In [18]:
import os
import pickle
import random
import nltk
from nltk.tag import hmm
from nltk.probability import LidstoneProbDist
import dill
import sys
from google.colab import files

In [22]:
train_path = "/content/train_pos_data.pkl"
test_path = "/content/test_pos_data.pkl"

In [45]:
def load_pickle_file(path):
    with open(path,"rb") as file:
        data=pickle.load(file)
    return data

In [32]:
try:
    train_data = load_pickle_file(train_path)
    test_data = load_pickle_file(test_path)
except Exception as e:
    print("Error loading data:", e)
    sys.exit(1)

print(f"Total Training sentences in the file:{len(train_data)}")
print(f"Total testing senetences within the file:{len(test_data)}")
print("Small set of training data with their tags:")
print(train_data[0][:5])

Total Training sentences in the file:3131
Total testing senetences within the file:783
Small set of training data with their tags:
[('In', 'IN'), ('talks', 'NNS'), ('with', 'IN'), ('Mr.', 'NNP'), ('yoshoda', 'NNP')]


In [36]:
def laplace_estimator(freq_dist, bins):
    return LidstoneProbDist(freq_dist, 1.0, bins)

In [38]:
trainer = hmm.HiddenMarkovModelTrainer()
tagger = trainer.train_supervised(train_data, estimator=laplace_estimator)

In [46]:
ttags=0
ctags=0
for sent in test_data:
    words = [pair[0] for pair in sent]
    gold_tags = [pair[1] for pair in sent]
    predicted = [tag for (word, tag) in tagger.tag(words)]
    ttags += len(gold_tags)
    for i in range(len(gold_tags)):
        if gold_tags[i] == predicted[i]:
            ctags += 1

if (total_tags>0):
  accuracy=(ctags/ttags)*100
else:
  accuracy=0

print(f"Accuracy:{accuracy:.2f}%")
print(f"Total tokens evaluated:{total_tags}")


Accuracy:82.64%
Total tokens evaluated:19969


In [44]:
sample=random.choice(test_data)
sentence_words=[pair[0] for pair in sample]
actual_tags=[pair[1] for pair in sample]
predicted_tags=[tag for (word, tag) in tagger.tag(sentence_words)]

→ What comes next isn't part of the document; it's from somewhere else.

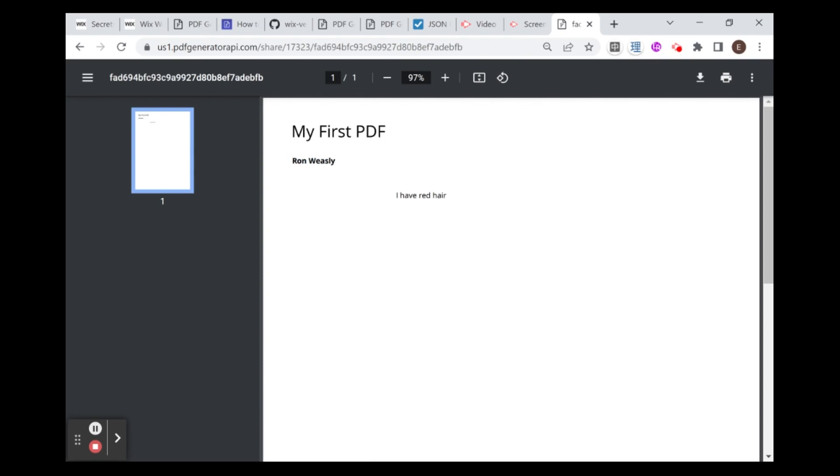In the next video, I'll be showing you how to take this one step further and use this PDF URL to do different things on your Wix website. Also how to integrate this function with the front end so that this PDF is generated not using the backend function like I showed you now, but the front end of your website. I hope you enjoyed this video. If you did, don't forget to like and subscribe so that you see the next video. See you next time. Bye.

print("Sample data for checking the accuracy:")
print("Words:", sentence_words)
print("Actual Tags:", actual_tags)
print("Predicted Tags:", predicted_tags)

Sample data for checking the accuracy:
Words: ['Mr.', 'preeti', 'said', '0', 'he', 'will', 'stay', 'until', 'Dec.', '31', 'and', 'work', 'with', 'his', 'successor', ',', 'who', '*T*-36', 'is', '*-1', 'to', 'be', 'named', '*-43', 'soon', '.']
Actual Tags: ['NNP', 'NNP', 'VBD', '-NONE-', 'PRP', 'MD', 'VB', 'IN', 'NNP', 'CD', 'CC', 'VB', 'IN', 'PRP$', 'NN', ',', 'WP', '-NONE-', 'VBZ', '-NONE-', 'TO', 'VB', 'VBN', '-NONE-', 'RB', '.']
Predicted Tags: ['NNP', 'NNP', 'VBD', '-NONE-', 'PRP', 'MD', 'VB', 'IN', 'NNP', ',', 'CC', 'NN', 'IN', 'PRP$', 'NN', ',', 'WP', '-NONE-', 'VBZ', '-NONE-', 'TO', 'VB', 'VBN', '-NONE-', 'RB', '.']